- Also known as: Your Favorite Story (Your Favorite Playhouse)
- Genre: Anthology
- Directed by: Lewis Allen Eddie Davis Robert Florey Leslie Goodwins Tom Gries John Guillermin Phil Karlson Lew Landers Christian Nyby Ted Post
- Presented by: Adolphe Menjou
- Starring: Robert Blake Raymond Burr Mae Clark Suzanne Flon DeForest Kelley Anita Louise Adolphe Menjou Ralph Morgan Kenneth Tobey Ray Jones
- Narrated by: Adolphe Menjou
- Country of origin: United States
- Original language: English
- No. of seasons: 1
- No. of episodes: 25

Production
- Running time: 25 mins.

Original release
- Network: NBC
- Release: January 11, 1953 – 1955

= Your Favorite Story =

Your Favorite Story is an American syndicated TV anthology series that was broadcast in the United States from 1953 to 1955. The program was also known as My Favorite Story. It was premiered in December 1954 with the title Your Favorite Playhouse.

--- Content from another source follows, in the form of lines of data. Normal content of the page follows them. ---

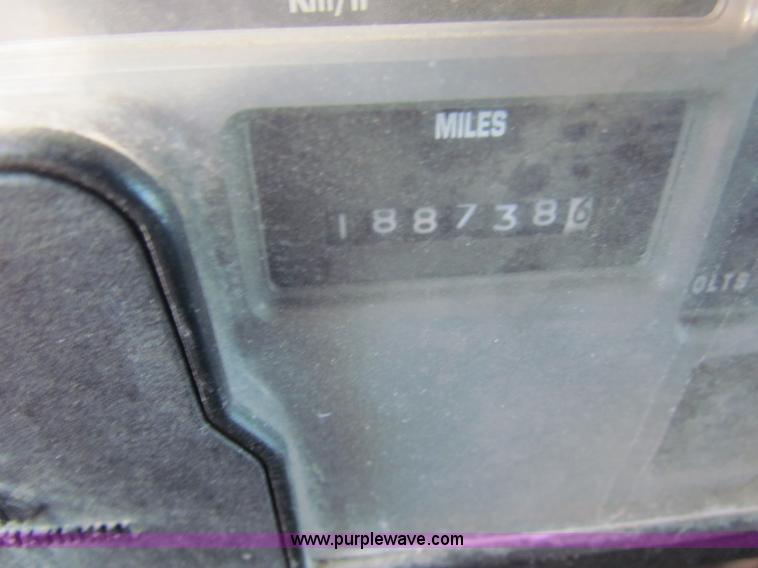 image for item B7110 1999 International 4900 dump truck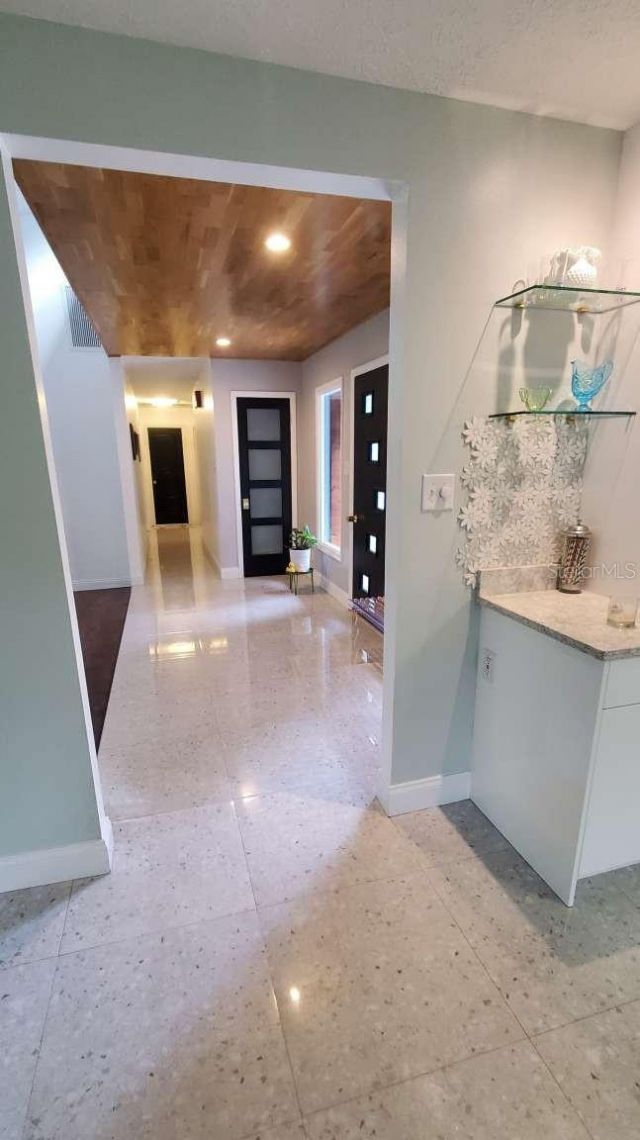 5017 E 127th Avenue, Temple Terrace, FL 33617 Photo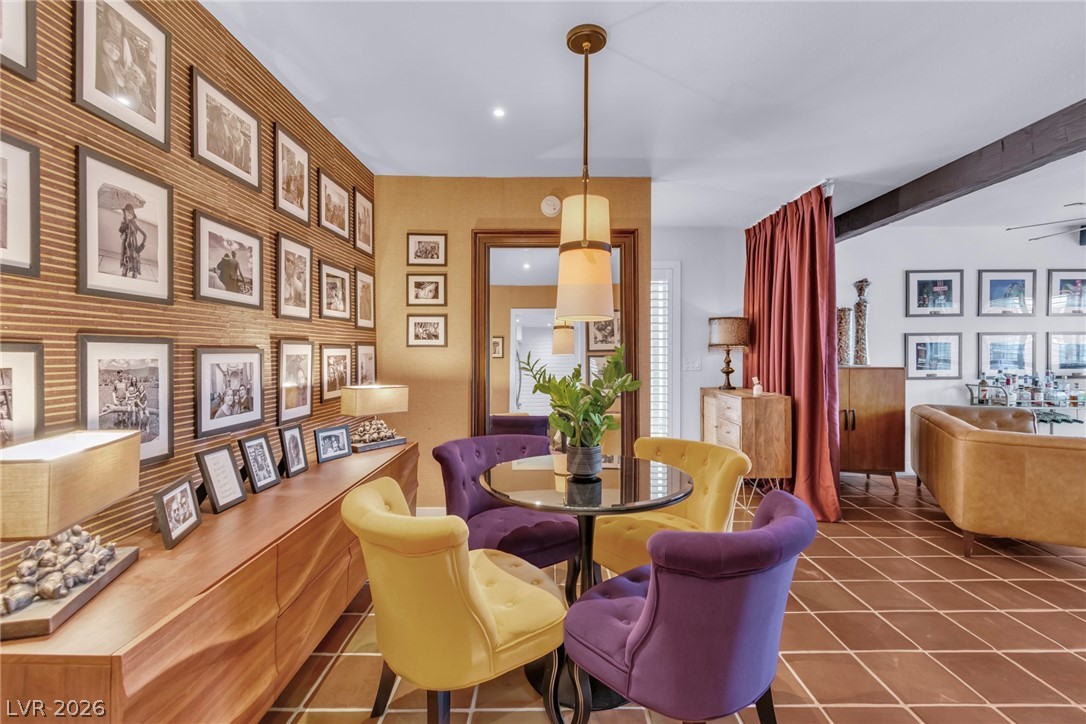 2879 Geary Place 2811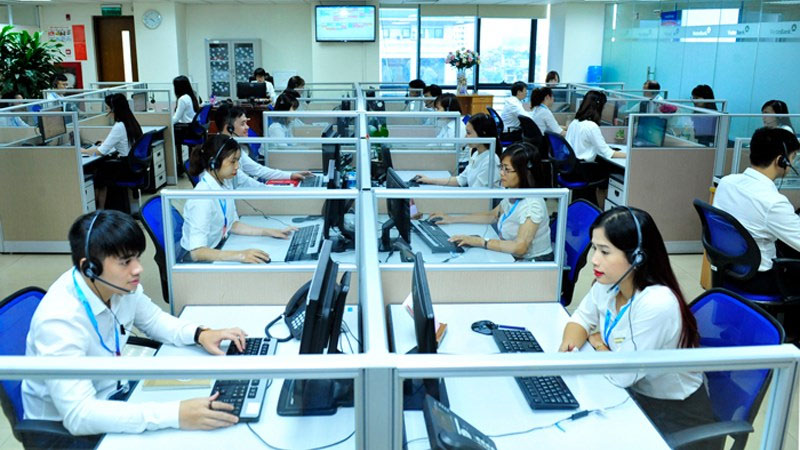 Gọi điện đến tổng đài để lấy lại mật khẩu VietinBank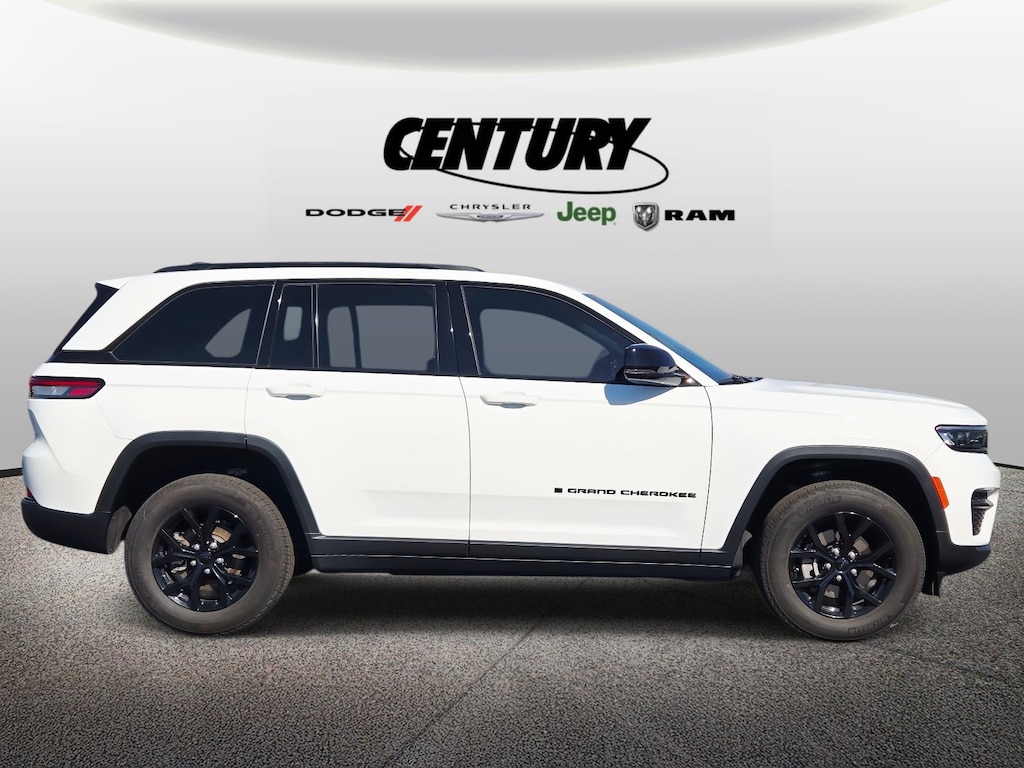 Used 2024 Jeep Grand Cherokee Altitude Altitude 4x4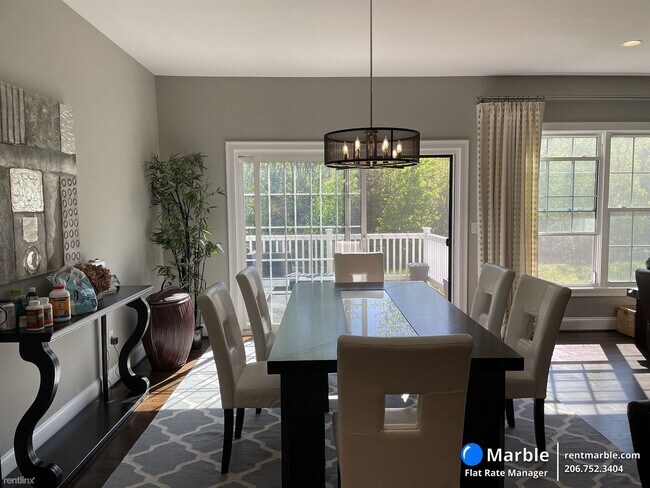 Foto del edificio - 4 br, 2.5 bath Townhome - 7 Yorkshire Ct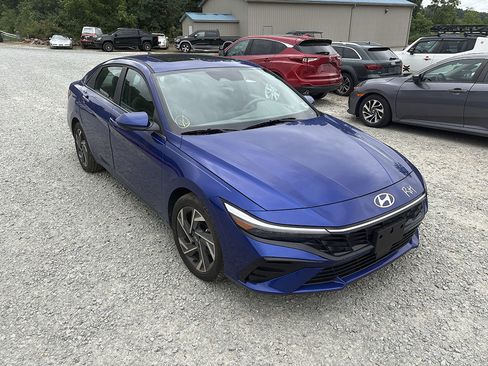 Used 2025 Hyundai Elantra SEL image 2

This program was adapted from the radio show Favorite Story which ran from 1946 to 1949. The program's 25 episodes (one source states 78 episodes) were hosted and narrated by Adolphe Menjou, who also acted in several episodes. It featured episodes originally written by Leonard St. Clair, William Makepeace Thackeray, Mary Roberts Rinehart and Frank R. Stockton.

The show was produced by Ziv Television Programs. John Guillermin directed some episodes.

The program's initial episode was an adaptation of Leo Tolstoy's "How Much Land Does a Man Need?", directed by Eddie Davis and starring Raymond Burr.